- Kumbhej Location in Maharashtra, India Kumbhej Kumbhej (India)
- Country: India
- State: Maharashtra
- District: Solapur district

Languages
- • Official: Marathi
- Time zone: UTC+5:30 (IST)

= Kumbhej =

Village in Maharashtra

Kumbhej is a village in the Karmala taluka of Solapur district in Maharashtra state, India.

==Demographics==
Covering 2234 ha and comprising 689 households at the time of the 2011 census of India, Kumbhej had a population of 2638. There were 1343 males and 1295 females, with 297 people being aged six or younger.

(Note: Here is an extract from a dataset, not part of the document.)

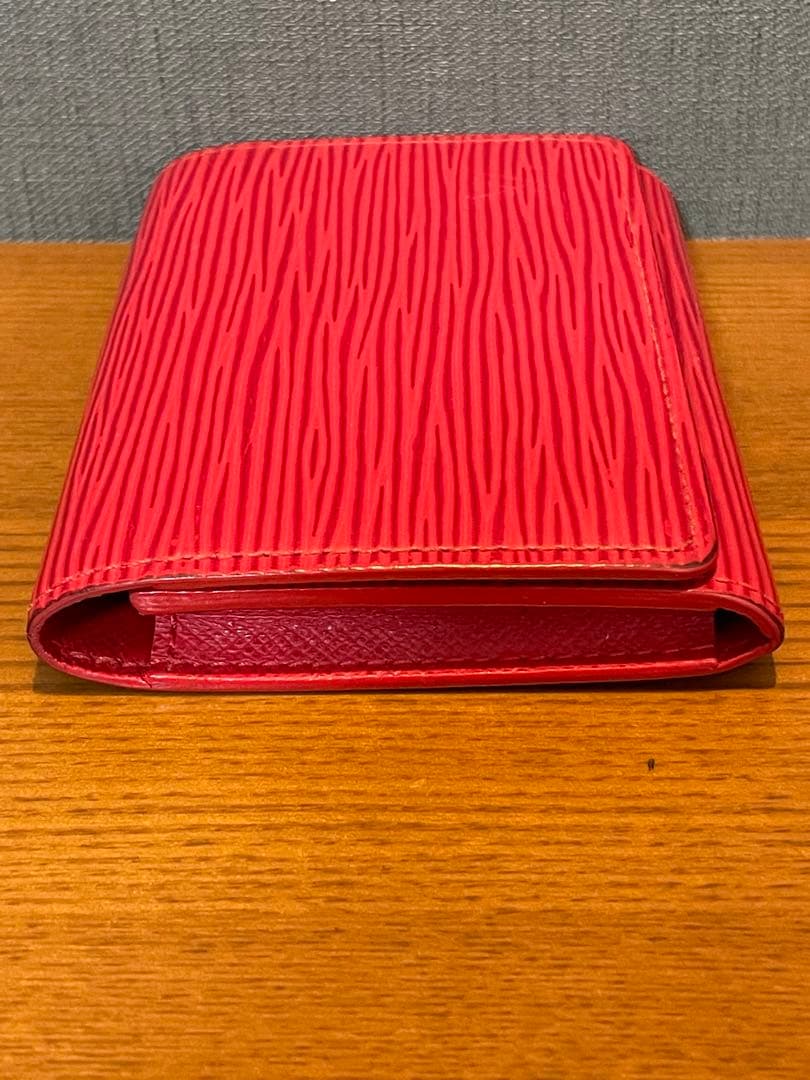 ルイヴィトン エピ アンヴェロップ カルト ドゥ ヴィジット　名刺入れ　レッド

Kumbhej has Zilla Parishad Primary school for up to 7th standard and Digambarrao Bagal high school up to the 10th standard. Zilla Parishad school is well known for its quality education in the area and has student enrollment from neighboring villages like Pophlaj, Kondhej, etc. Main water source of the village is lake which is fed with water from Ujni dam occasionally. Farming is primary occupation.

==Festivals and temples==
Each year on full moon day of Chaitra month of Hindu calendar, Kumbhej celebrates a Hanuman Jayanti and has large procession gathering of Lord Jyotirlinga. Kumbhej has many temples including Vitthal-Rukhmai, Mahadev, Hanuman, Jyotirling, Maribai, Yamai, Ambabai and Firangai. Daily Sant Dnyaneshwara's Haripath is chanted in Vitthal temple and on various auspicious occasions, 7 day long Harinam Saptah is organized. There is also a mosque for offering Namaz for Muslim citizens of the village.